▸ Records
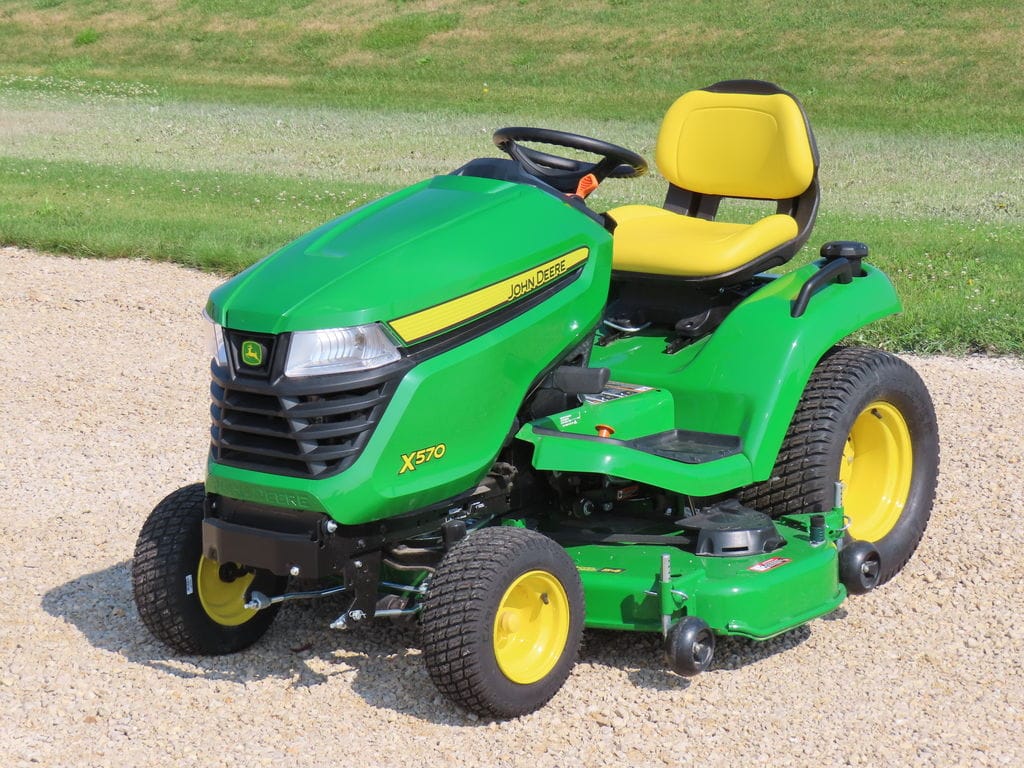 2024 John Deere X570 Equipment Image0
...
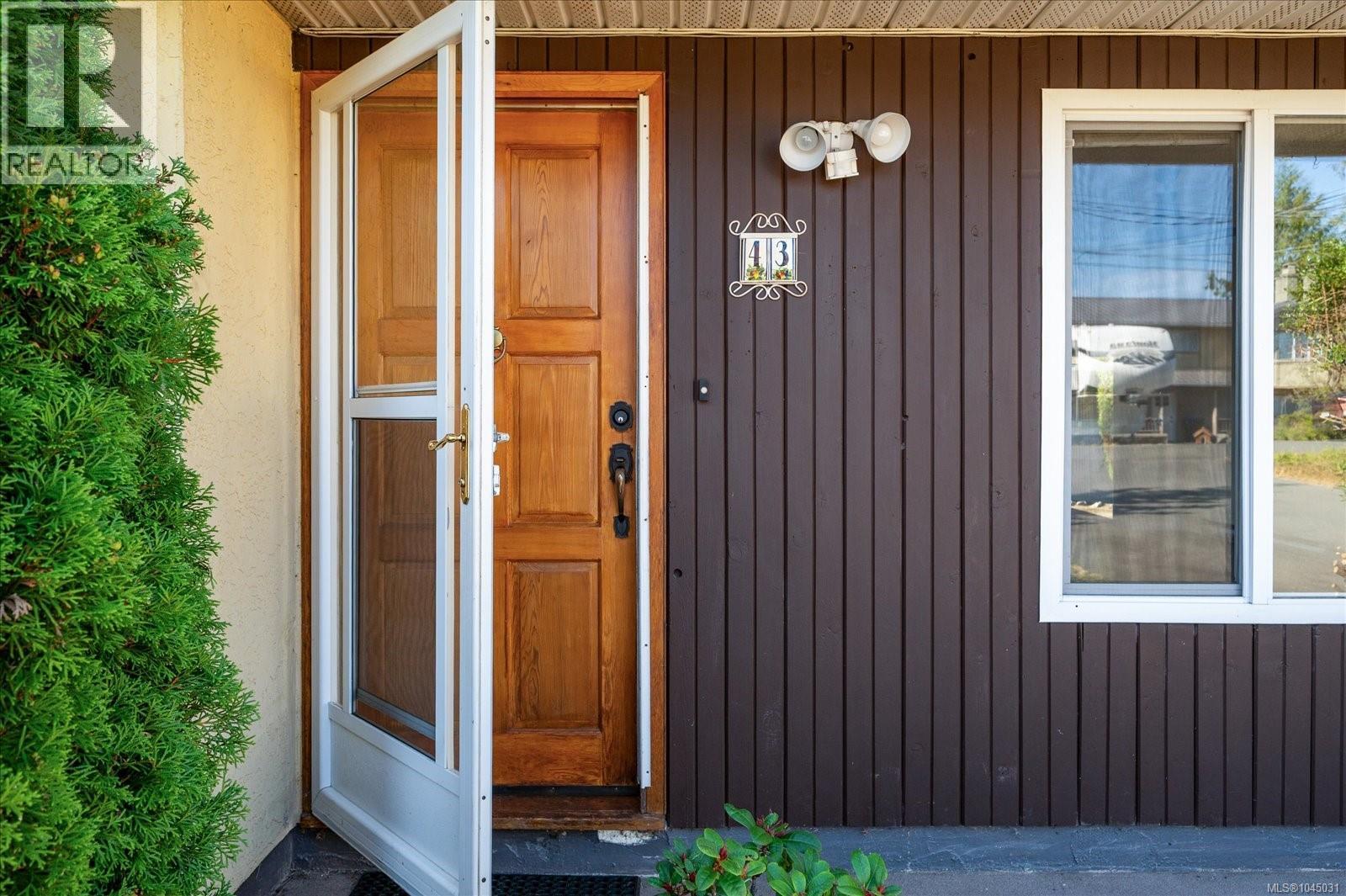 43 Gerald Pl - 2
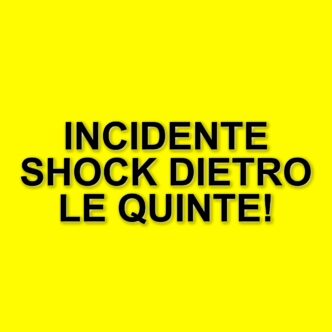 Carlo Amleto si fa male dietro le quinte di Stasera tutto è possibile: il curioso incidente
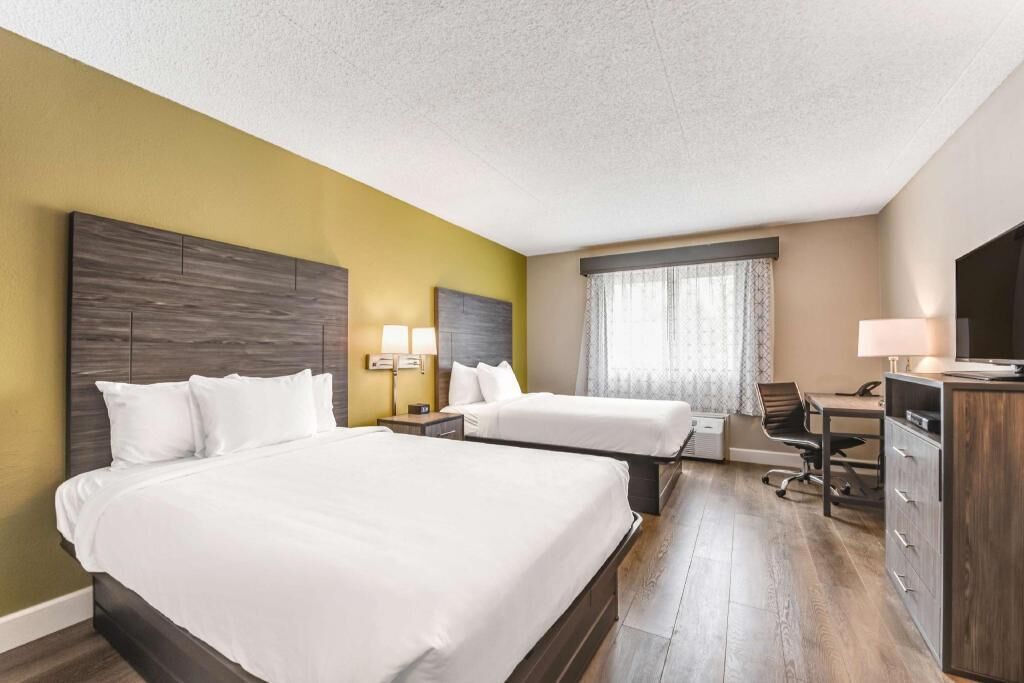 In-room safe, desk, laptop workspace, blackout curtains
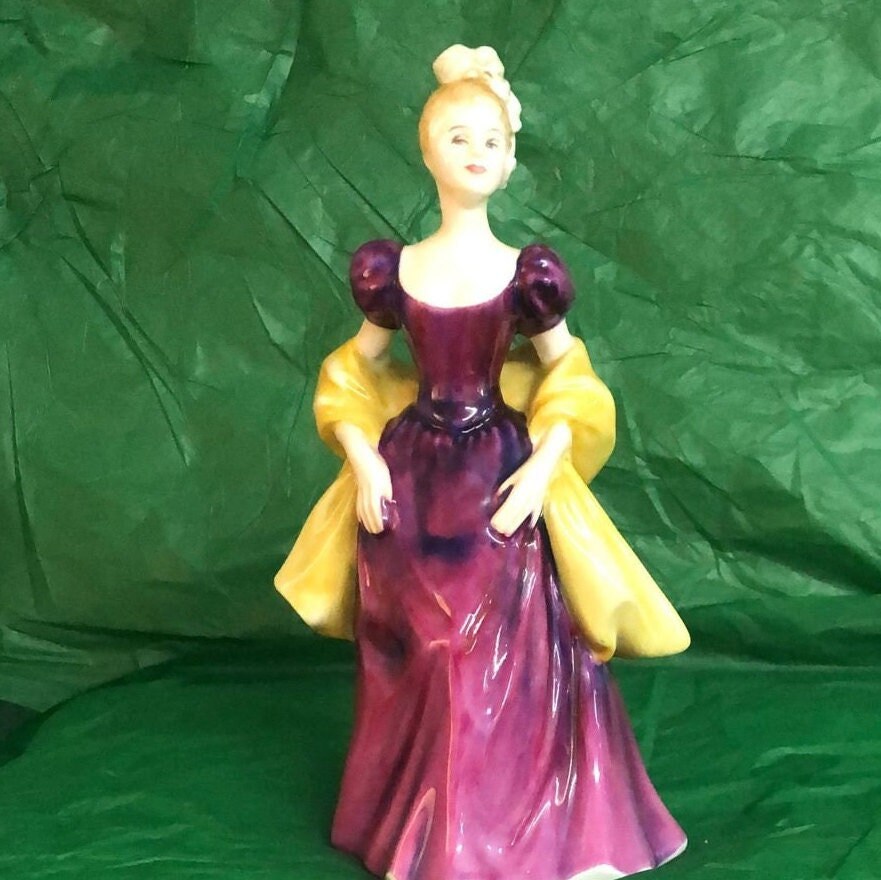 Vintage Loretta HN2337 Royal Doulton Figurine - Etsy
==
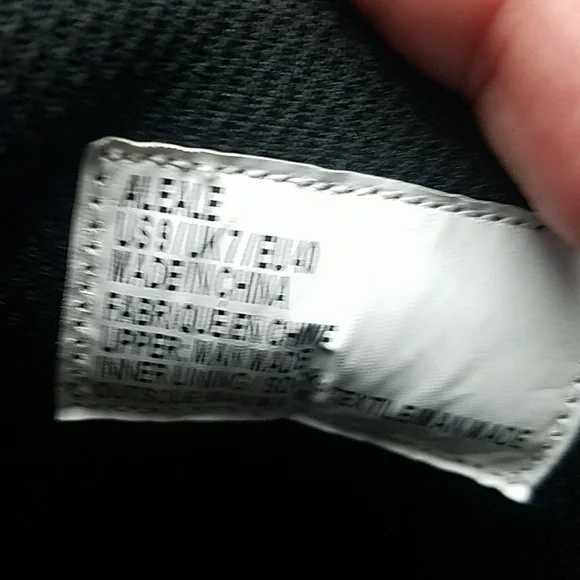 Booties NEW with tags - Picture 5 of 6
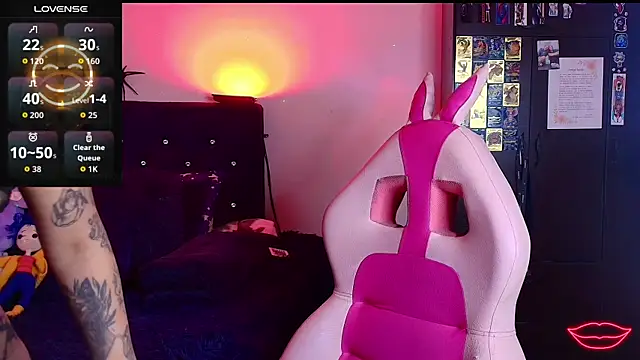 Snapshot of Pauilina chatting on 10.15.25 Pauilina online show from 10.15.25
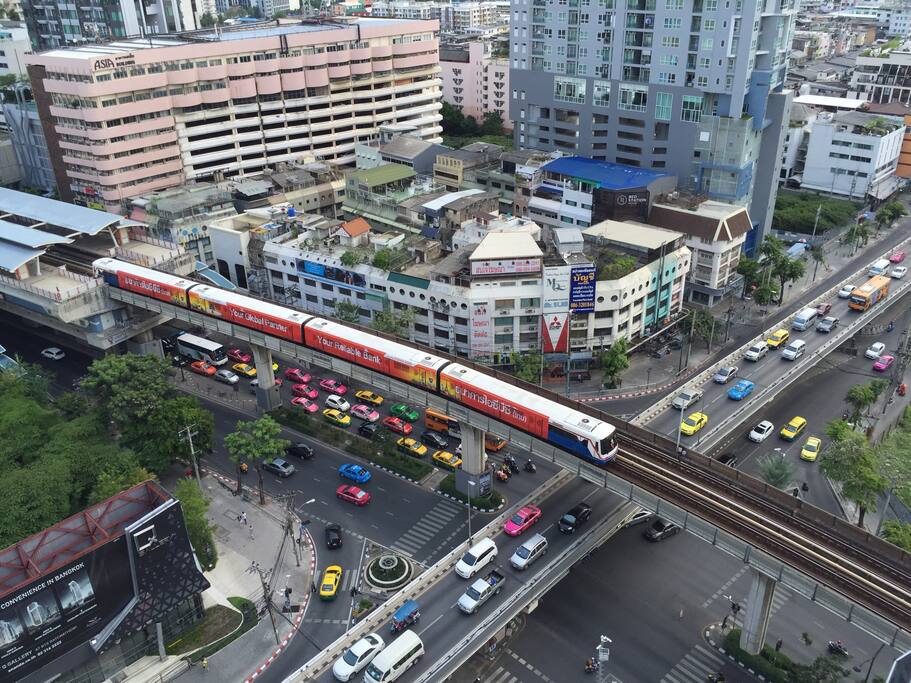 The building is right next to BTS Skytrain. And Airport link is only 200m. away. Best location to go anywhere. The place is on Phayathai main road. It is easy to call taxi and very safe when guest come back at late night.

▸ Work task
Working from the data above, repeat exactly, and only, the lines that begin at the line containing "Booties NEW with tags - Picture 5 of 6" and stop after the line containing "The building is"; pictures are not copied.

▸ Written reply
 Booties NEW with tags - Picture 5 of 6
 Snapshot of Pauilina chatting on 10.15.25 Pauilina online show from 10.15.25
 The building is right next to BTS Skytrain. And Airport link is only 200m. away. Best location to go anywhere. The place is on Phayathai main road. It is easy to call taxi and very safe when guest come back at late night.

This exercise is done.